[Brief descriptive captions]
┄┄┄┄┄┄┄┄┄┄┄┄┄┄┄┄┄┄┄┄

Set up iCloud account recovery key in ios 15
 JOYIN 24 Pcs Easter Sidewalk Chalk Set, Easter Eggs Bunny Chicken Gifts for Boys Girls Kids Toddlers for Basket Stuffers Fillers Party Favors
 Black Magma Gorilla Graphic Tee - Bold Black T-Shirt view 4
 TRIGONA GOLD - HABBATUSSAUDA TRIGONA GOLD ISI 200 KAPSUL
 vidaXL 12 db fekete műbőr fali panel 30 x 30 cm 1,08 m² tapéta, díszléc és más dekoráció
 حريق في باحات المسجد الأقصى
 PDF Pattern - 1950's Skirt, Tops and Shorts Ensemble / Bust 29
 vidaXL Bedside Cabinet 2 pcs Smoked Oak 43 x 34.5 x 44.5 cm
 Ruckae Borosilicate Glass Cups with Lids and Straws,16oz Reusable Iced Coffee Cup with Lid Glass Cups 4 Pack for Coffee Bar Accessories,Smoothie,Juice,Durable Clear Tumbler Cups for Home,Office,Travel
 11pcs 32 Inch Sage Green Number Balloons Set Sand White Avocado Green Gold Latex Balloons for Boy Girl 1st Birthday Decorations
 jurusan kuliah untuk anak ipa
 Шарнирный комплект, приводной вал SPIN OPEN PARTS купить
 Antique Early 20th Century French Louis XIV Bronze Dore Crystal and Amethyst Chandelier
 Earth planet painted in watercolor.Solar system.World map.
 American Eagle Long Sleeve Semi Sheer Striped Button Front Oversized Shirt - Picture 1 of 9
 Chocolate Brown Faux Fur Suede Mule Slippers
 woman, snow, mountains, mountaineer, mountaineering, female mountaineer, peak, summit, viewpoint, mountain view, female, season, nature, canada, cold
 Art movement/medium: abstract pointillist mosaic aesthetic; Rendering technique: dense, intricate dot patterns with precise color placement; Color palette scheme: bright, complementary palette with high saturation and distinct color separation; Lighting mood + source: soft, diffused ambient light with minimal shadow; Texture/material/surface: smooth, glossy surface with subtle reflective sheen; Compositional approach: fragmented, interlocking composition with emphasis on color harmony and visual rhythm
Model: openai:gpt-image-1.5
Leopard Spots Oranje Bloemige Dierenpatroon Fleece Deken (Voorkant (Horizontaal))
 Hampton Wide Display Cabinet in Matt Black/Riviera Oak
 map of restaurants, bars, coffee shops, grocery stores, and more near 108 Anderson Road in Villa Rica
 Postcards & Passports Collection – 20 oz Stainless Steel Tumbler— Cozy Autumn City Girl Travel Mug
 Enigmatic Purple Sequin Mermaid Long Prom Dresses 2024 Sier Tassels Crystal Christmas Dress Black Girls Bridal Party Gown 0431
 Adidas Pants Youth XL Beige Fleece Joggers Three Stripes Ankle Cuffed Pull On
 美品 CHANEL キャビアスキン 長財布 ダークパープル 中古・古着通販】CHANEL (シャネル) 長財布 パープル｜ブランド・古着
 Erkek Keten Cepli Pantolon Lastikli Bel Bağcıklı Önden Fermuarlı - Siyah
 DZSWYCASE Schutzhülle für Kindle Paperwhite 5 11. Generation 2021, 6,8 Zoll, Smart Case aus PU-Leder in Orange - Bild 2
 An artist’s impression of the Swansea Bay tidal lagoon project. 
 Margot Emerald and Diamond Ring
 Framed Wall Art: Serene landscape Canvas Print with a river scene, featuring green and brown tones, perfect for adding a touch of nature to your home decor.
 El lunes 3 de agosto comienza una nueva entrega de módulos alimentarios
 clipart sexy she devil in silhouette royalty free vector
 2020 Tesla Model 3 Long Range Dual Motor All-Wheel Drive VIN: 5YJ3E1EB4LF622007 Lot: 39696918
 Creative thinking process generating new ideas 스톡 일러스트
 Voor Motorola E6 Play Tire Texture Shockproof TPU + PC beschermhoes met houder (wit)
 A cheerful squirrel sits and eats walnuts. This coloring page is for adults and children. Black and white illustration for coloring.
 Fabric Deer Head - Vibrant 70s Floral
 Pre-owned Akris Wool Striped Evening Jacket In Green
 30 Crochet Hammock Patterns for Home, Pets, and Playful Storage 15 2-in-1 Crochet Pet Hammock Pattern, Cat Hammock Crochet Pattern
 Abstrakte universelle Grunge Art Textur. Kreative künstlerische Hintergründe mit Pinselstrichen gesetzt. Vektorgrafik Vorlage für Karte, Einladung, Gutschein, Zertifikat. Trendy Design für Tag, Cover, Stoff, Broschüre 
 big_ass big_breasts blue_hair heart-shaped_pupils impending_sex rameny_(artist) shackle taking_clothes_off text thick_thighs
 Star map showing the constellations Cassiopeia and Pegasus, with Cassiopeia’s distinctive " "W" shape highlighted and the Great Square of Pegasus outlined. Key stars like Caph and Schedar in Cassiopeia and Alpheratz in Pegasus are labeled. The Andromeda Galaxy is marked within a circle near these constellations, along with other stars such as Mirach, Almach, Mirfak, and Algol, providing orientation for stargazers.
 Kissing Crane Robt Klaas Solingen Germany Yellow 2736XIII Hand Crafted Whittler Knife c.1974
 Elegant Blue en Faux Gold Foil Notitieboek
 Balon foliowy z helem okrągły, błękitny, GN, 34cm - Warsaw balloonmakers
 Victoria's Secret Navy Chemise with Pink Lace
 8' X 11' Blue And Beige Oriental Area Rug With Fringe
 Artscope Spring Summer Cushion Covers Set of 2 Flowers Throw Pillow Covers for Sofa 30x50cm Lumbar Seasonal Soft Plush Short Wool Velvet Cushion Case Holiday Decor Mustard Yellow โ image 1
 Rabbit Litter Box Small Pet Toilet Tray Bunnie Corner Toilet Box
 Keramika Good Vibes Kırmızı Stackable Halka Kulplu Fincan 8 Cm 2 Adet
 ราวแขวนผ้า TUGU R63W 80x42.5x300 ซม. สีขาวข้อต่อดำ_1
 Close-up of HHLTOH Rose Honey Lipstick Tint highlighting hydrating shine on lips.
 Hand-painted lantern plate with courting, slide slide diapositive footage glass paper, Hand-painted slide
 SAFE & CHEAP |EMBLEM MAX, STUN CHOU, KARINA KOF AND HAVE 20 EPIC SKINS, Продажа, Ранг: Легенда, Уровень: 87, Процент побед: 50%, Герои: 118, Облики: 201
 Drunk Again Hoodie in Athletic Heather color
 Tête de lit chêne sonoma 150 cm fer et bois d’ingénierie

┄┄┄┄┄┄┄┄┄┄┄┄┄┄┄┄┄┄┄┄

TASK DIRECTIONS: Start to finish, restate the records above word for word.

ANSWER AREA:
Set up iCloud account recovery key in ios 15
 JOYIN 24 Pcs Easter Sidewalk Chalk Set, Easter Eggs Bunny Chicken Gifts for Boys Girls Kids Toddlers for Basket Stuffers Fillers Party Favors
 Black Magma Gorilla Graphic Tee - Bold Black T-Shirt view 4
 TRIGONA GOLD - HABBATUSSAUDA TRIGONA GOLD ISI 200 KAPSUL
 vidaXL 12 db fekete műbőr fali panel 30 x 30 cm 1,08 m² tapéta, díszléc és más dekoráció
 حريق في باحات المسجد الأقصى
 PDF Pattern - 1950's Skirt, Tops and Shorts Ensemble / Bust 29
 vidaXL Bedside Cabinet 2 pcs Smoked Oak 43 x 34.5 x 44.5 cm
 Ruckae Borosilicate Glass Cups with Lids and Straws,16oz Reusable Iced Coffee Cup with Lid Glass Cups 4 Pack for Coffee Bar Accessories,Smoothie,Juice,Durable Clear Tumbler Cups for Home,Office,Travel
 11pcs 32 Inch Sage Green Number Balloons Set Sand White Avocado Green Gold Latex Balloons for Boy Girl 1st Birthday Decorations
 jurusan kuliah untuk anak ipa
 Шарнирный комплект, приводной вал SPIN OPEN PARTS купить
 Antique Early 20th Century French Louis XIV Bronze Dore Crystal and Amethyst Chandelier
 Earth planet painted in watercolor.Solar system.World map.
 American Eagle Long Sleeve Semi Sheer Striped Button Front Oversized Shirt - Picture 1 of 9
 Chocolate Brown Faux Fur Suede Mule Slippers
 woman, snow, mountains, mountaineer, mountaineering, female mountaineer, peak, summit, viewpoint, mountain view, female, season, nature, canada, cold
 Art movement/medium: abstract pointillist mosaic aesthetic; Rendering technique: dense, intricate dot patterns with precise color placement; Color palette scheme: bright, complementary palette with high saturation and distinct color separation; Lighting mood + source: soft, diffused ambient light with minimal shadow; Texture/material/surface: smooth, glossy surface with subtle reflective sheen; Compositional approach: fragmented, interlocking composition with emphasis on color harmony and visual rhythm
Model: openai:gpt-image-1.5
Leopard Spots Oranje Bloemige Dierenpatroon Fleece Deken (Voorkant (Horizontaal))
 Hampton Wide Display Cabinet in Matt Black/Riviera Oak
 map of restaurants, bars, coffee shops, grocery stores, and more near 108 Anderson Road in Villa Rica
 Postcards & Passports Collection – 20 oz Stainless Steel Tumbler— Cozy Autumn City Girl Travel Mug
 Enigmatic Purple Sequin Mermaid Long Prom Dresses 2024 Sier Tassels Crystal Christmas Dress Black Girls Bridal Party Gown 0431
 Adidas Pants Youth XL Beige Fleece Joggers Three Stripes Ankle Cuffed Pull On
 美品 CHANEL キャビアスキン 長財布 ダークパープル 中古・古着通販】CHANEL (シャネル) 長財布 パープル｜ブランド・古着
 Erkek Keten Cepli Pantolon Lastikli Bel Bağcıklı Önden Fermuarlı - Siyah
 DZSWYCASE Schutzhülle für Kindle Paperwhite 5 11. Generation 2021, 6,8 Zoll, Smart Case aus PU-Leder in Orange - Bild 2
 An artist’s impression of the Swansea Bay tidal lagoon project. 
 Margot Emerald and Diamond Ring
 Framed Wall Art: Serene landscape Canvas Print with a river scene, featuring green and brown tones, perfect for adding a touch of nature to your home decor.
 El lunes 3 de agosto comienza una nueva entrega de módulos alimentarios
 clipart sexy she devil in silhouette royalty free vector
 2020 Tesla Model 3 Long Range Dual Motor All-Wheel Drive VIN: 5YJ3E1EB4LF622007 Lot: 39696918
 Creative thinking process generating new ideas 스톡 일러스트
 Voor Motorola E6 Play Tire Texture Shockproof TPU + PC beschermhoes met houder (wit)
 A cheerful squirrel sits and eats walnuts. This coloring page is for adults and children. Black and white illustration for coloring.
 Fabric Deer Head - Vibrant 70s Floral
 Pre-owned Akris Wool Striped Evening Jacket In Green
 30 Crochet Hammock Patterns for Home, Pets, and Playful Storage 15 2-in-1 Crochet Pet Hammock Pattern, Cat Hammock Crochet Pattern
 Abstrakte universelle Grunge Art Textur. Kreative künstlerische Hintergründe mit Pinselstrichen gesetzt. Vektorgrafik Vorlage für Karte, Einladung, Gutschein, Zertifikat. Trendy Design für Tag, Cover, Stoff, Broschüre 
 big_ass big_breasts blue_hair heart-shaped_pupils impending_sex rameny_(artist) shackle taking_clothes_off text thick_thighs
 Star map showing the constellations Cassiopeia and Pegasus, with Cassiopeia’s distinctive " "W" shape highlighted and the Great Square of Pegasus outlined. Key stars like Caph and Schedar in Cassiopeia and Alpheratz in Pegasus are labeled. The Andromeda Galaxy is marked within a circle near these constellations, along with other stars such as Mirach, Almach, Mirfak, and Algol, providing orientation for stargazers.
 Kissing Crane Robt Klaas Solingen Germany Yellow 2736XIII Hand Crafted Whittler Knife c.1974
 Elegant Blue en Faux Gold Foil Notitieboek
 Balon foliowy z helem okrągły, błękitny, GN, 34cm - Warsaw balloonmakers
 Victoria's Secret Navy Chemise with Pink Lace
 8' X 11' Blue And Beige Oriental Area Rug With Fringe
 Artscope Spring Summer Cushion Covers Set of 2 Flowers Throw Pillow Covers for Sofa 30x50cm Lumbar Seasonal Soft Plush Short Wool Velvet Cushion Case Holiday Decor Mustard Yellow โ image 1
 Rabbit Litter Box Small Pet Toilet Tray Bunnie Corner Toilet Box
 Keramika Good Vibes Kırmızı Stackable Halka Kulplu Fincan 8 Cm 2 Adet
 ราวแขวนผ้า TUGU R63W 80x42.5x300 ซม. สีขาวข้อต่อดำ_1
 Close-up of HHLTOH Rose Honey Lipstick Tint highlighting hydrating shine on lips.
 Hand-painted lantern plate with courting, slide slide diapositive footage glass paper, Hand-painted slide
 SAFE & CHEAP |EMBLEM MAX, STUN CHOU, KARINA KOF AND HAVE 20 EPIC SKINS, Продажа, Ранг: Легенда, Уровень: 87, Процент побед: 50%, Герои: 118, Облики: 201
 Drunk Again Hoodie in Athletic Heather color
 Tête de lit chêne sonoma 150 cm fer et bois d’ingénierie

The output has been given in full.